Software & Data Management
Temperature control is managed via Quantum Northwest’s TLink software (Windows/Linux/macOS), which provides scripting support (TCL/Python API), multi-segment ramp-hold profiles, and real-time overlay of temperature vs. time and absorbance/fluorescence traces. All sensor data—including individual cell thermistor readings, Peltier voltage/current, and stir motor status—are logged at user-selectable intervals (10 ms to 10 s) in CSV or HDF5 format. The system supports hardware-triggered acquisition synchronization with spectrometer start signals, ensuring temporal alignment between thermal state and spectral capture. Remote operation via Ethernet or USB-C enables unattended overnight experiments and integration into automated screening workflows.
Applications
- Thermal denaturation studies of proteins and nucleic acids using CD or UV-Vis melting curves
- Temperature-dependent quantum yield determination in luminescent materials
- Reference-compensated spectroscopy where solvent or matrix thermal expansion must be isolated
- Kinetic monitoring of thermally activated photochemical reactions (e.g., photocyclization, electron transfer)
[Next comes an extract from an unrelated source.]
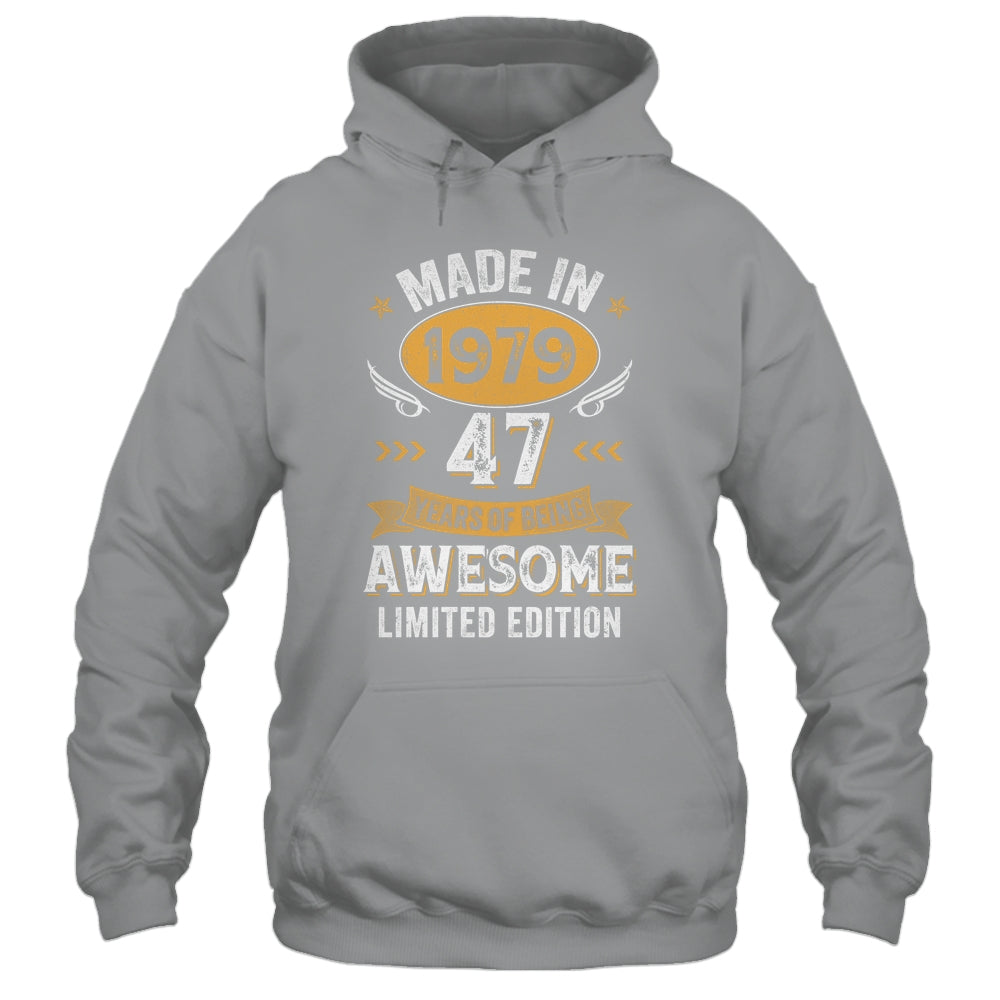 Vintage 1979 47 Years Old Birthday 47th Birthday Men Women Shirt & Hoodie | siriusteestore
- Calibration of temperature-sensitive detectors and optical filters
- In situ monitoring of polymer phase transitions (glass transition, crystallinity onset) via NIR or Raman
- Validation of thermoregulated microfluidic spectroscopy platforms
FAQ
Can the TLC42 accommodate custom cuvette geometries or non-standard optical alignments?
Yes—Quantum Northwest offers mechanical customization including modified aperture plates, angled optical windows, and OEM mounting flanges for integration into proprietary optical benches.
Is the ±0.02 °C accuracy maintained across the full temperature range?
Accuracy is specified at steady-state conditions within the calibrated range; deviations remain within ±0.03 °C at extremes (−55 °C and +150 °C) when using extended-range modules.
Does the system support external temperature programming via LabVIEW or Python?
Yes—QNW provides documented DLLs and Python bindings for direct hardware-level control, including asynchronous temperature profiling and real-time sensor polling.
What is the maximum allowable thermal load per cell during simultaneous heating/cooling?
Each cell supports up to 1.2 W of dissipated sample heating/cooling power without compromising stability; higher loads require auxiliary heat sinking.
Are calibration certificates and IQ/OQ documentation available?
Factory calibration reports (NIST-traceable thermistor verification) are included; full IQ/OQ protocols can be supplied upon request for regulated laboratory environments.